I am much for a permie approach, but obviously that does not scale up to town or city size. Own minimalist setup, a hundred watt of solar electric was plenty for lighting and computer/small appliances, though I didn't get around to making an extra low consumption freezer converted to fridge which on paper at least would have fitted. This is south of Spain mind. What I found was that at our locality, everything was made more difficult by bureaucracy, it really seemed like an individual or independent approach was to be discouraged, even the humblest of kind. Spain has a herd like mentality though, if you stand out somehow equally you get picked on. Same goes for monopolising energy supply and introducing hurdles for independent alternate there , and at EU level we have similar by increased taxing not too long ago on solar panel imports. Actually I remember a story from Oz of someone who set themselves up to be self sufficient, and felt secure with that until there was some kind of riot that went on, and he realised that without a strong community all his effort would be for nothing in certain circumstances. In Spain it was the authorities themselves that eventually crossed the line of "completely unacceptable", and we left.
Anyway, there I made a heat exchanger based on
https://makezine.com/projects/heat-exchanger/
with room sealed enough to work with only one 12cm (if I remember) 12v computer fan. Inlet and exit was at top at ends, those could be placed any side. The one I made was polycarbonate housing, simple foil folded back and forth (5 mm or 10mm as channels, I don't remember which). That was left powered on year round, hardly uses electricity, and fan would need replacing maybe once a year (they are about 5 pounds). Figuring a water run off channel (from condensation) is nescessary also.
The result was always clean air in the 20m sq room, no humidity. I had made it because in winter temps go down to under 10 centigrade, towards freezing, for part of the year, and I wanted ventilation for evening use of kerosene heater, and to reduce condensation at night, while keeping heat in. As it was it ended up keping the room warm enough without having to use the heater, and no condensation at all. The building itself was not even very insulated. So there is a simple idea for some circumstances.
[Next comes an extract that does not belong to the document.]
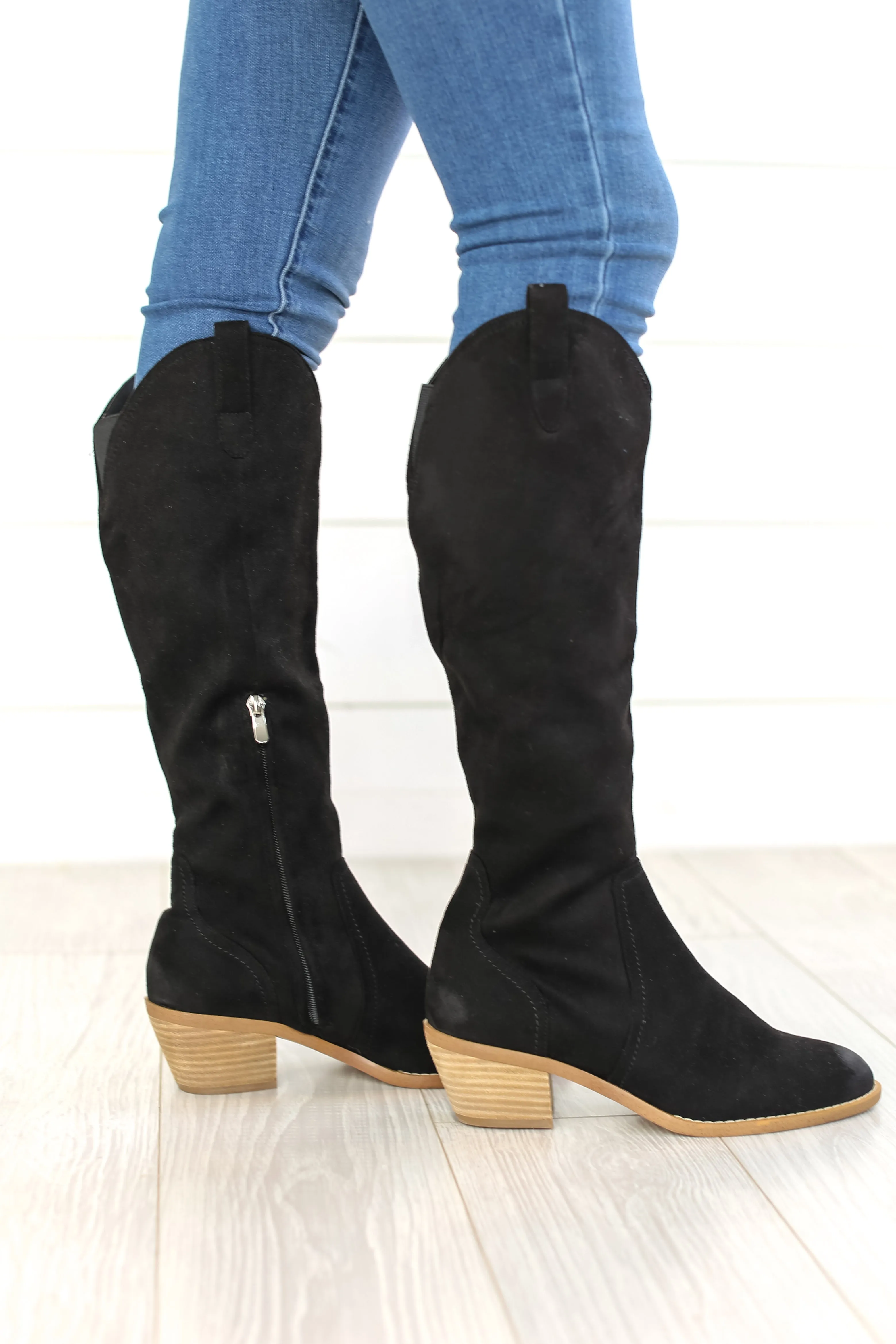 Friday Fever Boots - 2 Colors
NOTE You would not want to use that setup in a sealed room with combustion going without also a natural air inlet open, a failsafe second vent, CO alarm or combination of those etc., and should follow recommended guidelines or due diligence for that. The fan stopping for any reason would otherwise lead to a perilous circumstance, even considering that many heaters now have a low O2 cutoff threshold.
Lower temperature ground heat storage is also an idea that has been used in the past, in the south of europe it is pretty much the other way round though, where building thermal mass helps keep temperatures down inside in summer. I had wanted to try a water tank thermal storage arrangement for extra heat, but we left before I got around to that.